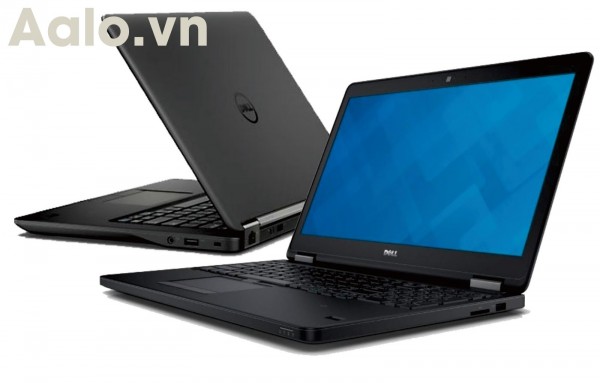 Laptop cũ Dell Latitude E7450 (I7 5600U/ RAM 8GB/ SSD 256GB/ 14 inch FHD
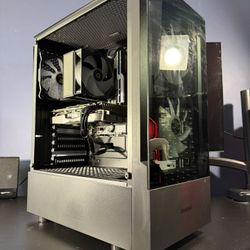 Gaming PC | RTX 2070 S + Intel I5 10400f | 16GB RAM | 1TB SSD | WIFI/ BT | WINDOWS 11 |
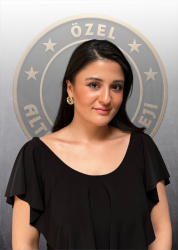 Kübranur Demirer Çatak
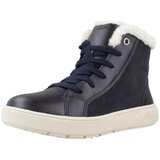 Geox Modne superge J THELEVEN Modra Cene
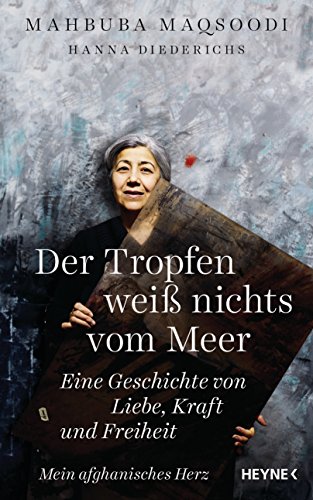 Der Tropfen Weiß Nichts Vom Meer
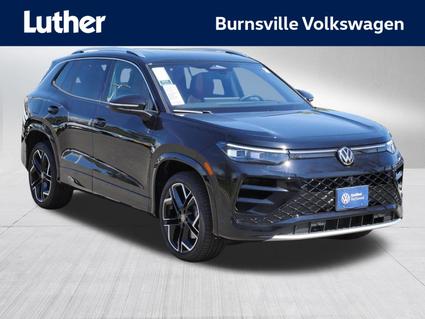 2026 Volkswagen Tiguan Burnsville MN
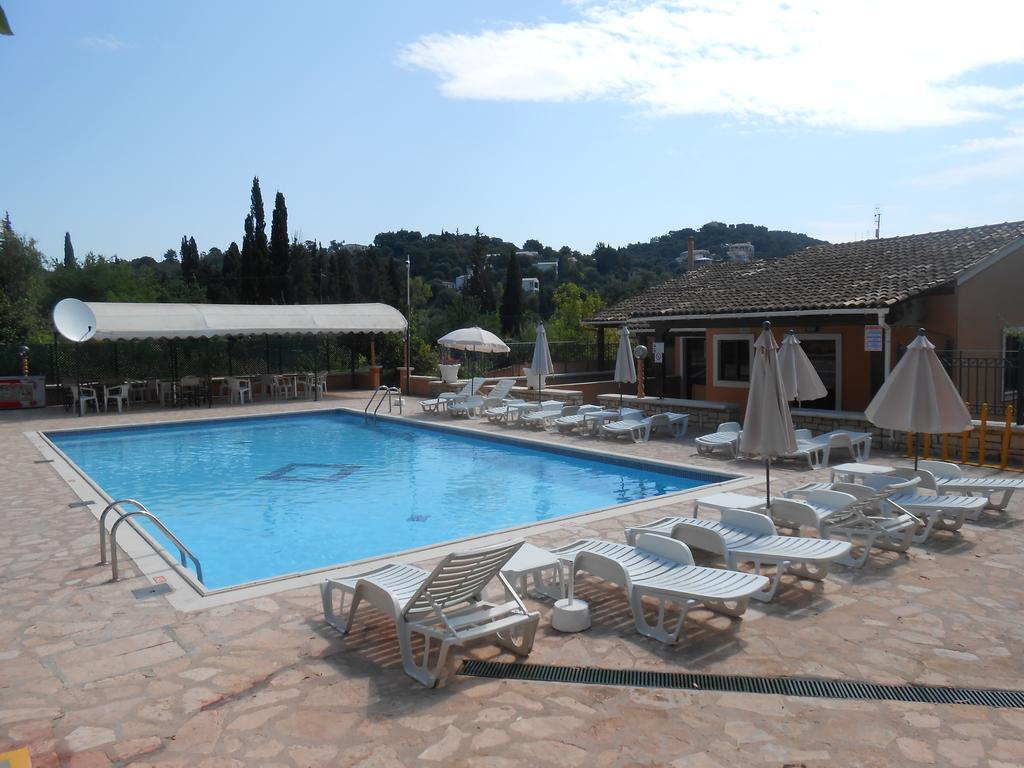 Solea Kommeno (Corfu)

**WORK TO COMPLETE:**
Would you restate all of the data above word for word, omitting the pictures?

**RESPONSE:**
 Laptop cũ Dell Latitude E7450 (I7 5600U/ RAM 8GB/ SSD 256GB/ 14 inch FHD
 Gaming PC | RTX 2070 S + Intel I5 10400f | 16GB RAM | 1TB SSD | WIFI/ BT | WINDOWS 11 |
 Kübranur Demirer Çatak
 Geox Modne superge J THELEVEN Modra Cene
 Der Tropfen Weiß Nichts Vom Meer
 2026 Volkswagen Tiguan Burnsville MN
 Solea Kommeno (Corfu)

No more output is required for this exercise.